YOUR TASK:
Repeat the span of the entries below that starts at the line with "人教版數(shù)學(xué" and ends at the line with "RPi interface", nothing more. Skip the pictures.

[[ SUPPLIED INFORMATION open ]]

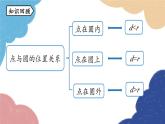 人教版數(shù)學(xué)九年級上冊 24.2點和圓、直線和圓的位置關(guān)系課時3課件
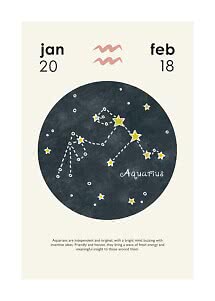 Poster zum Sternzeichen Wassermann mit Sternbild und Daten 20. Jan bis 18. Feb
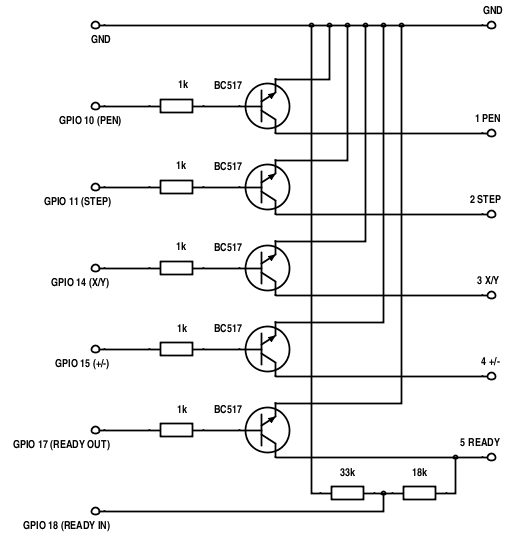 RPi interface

[[ SUPPLIED INFORMATION closed ]]
[[ SUPPLIED INFORMATION open ]]

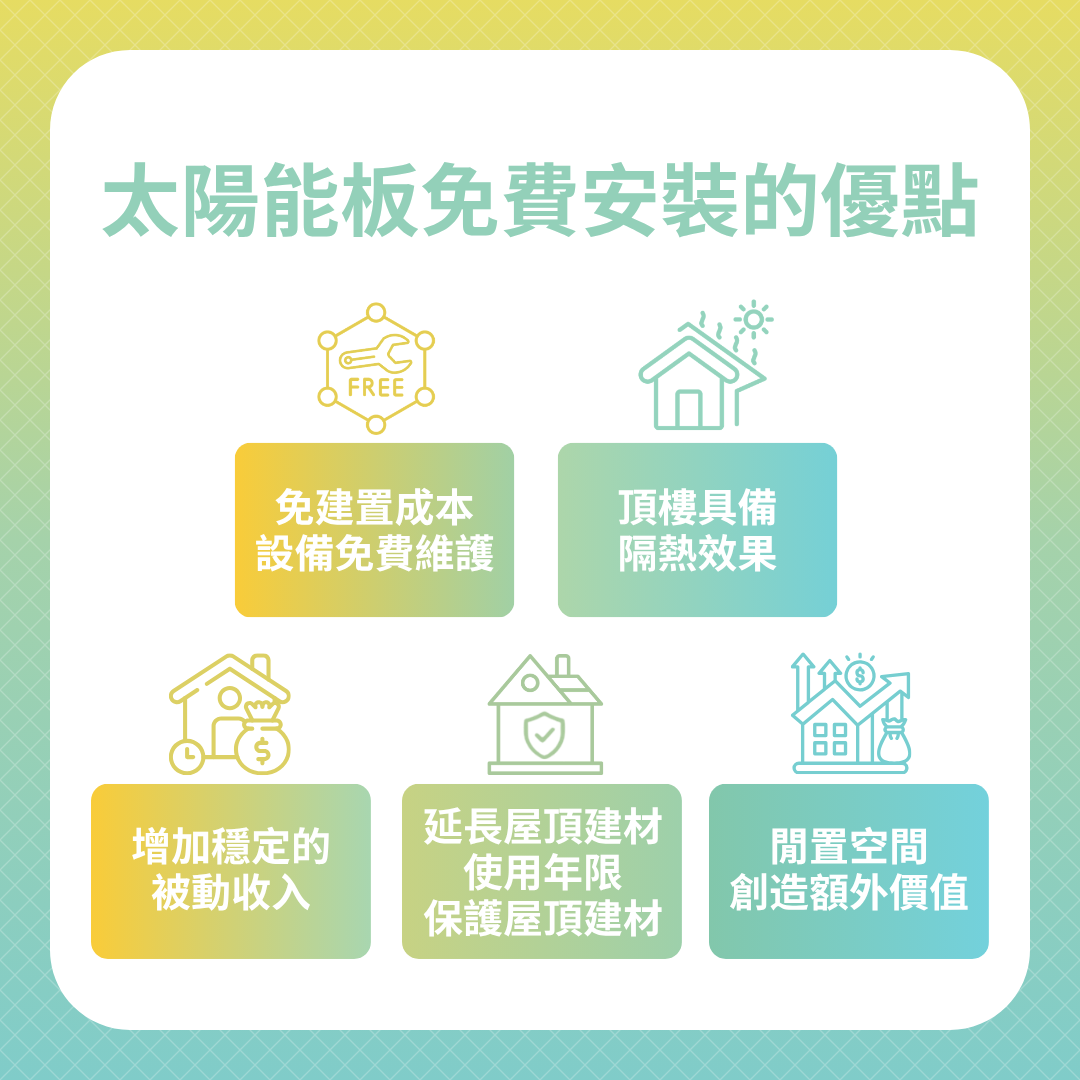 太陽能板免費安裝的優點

[[ SUPPLIED INFORMATION closed ]]

ANSWER:
 人教版數(shù)學(xué)九年級上冊 24.2點和圓、直線和圓的位置關(guān)系課時3課件
 Poster zum Sternzeichen Wassermann mit Sternbild und Daten 20. Jan bis 18. Feb
 RPi interface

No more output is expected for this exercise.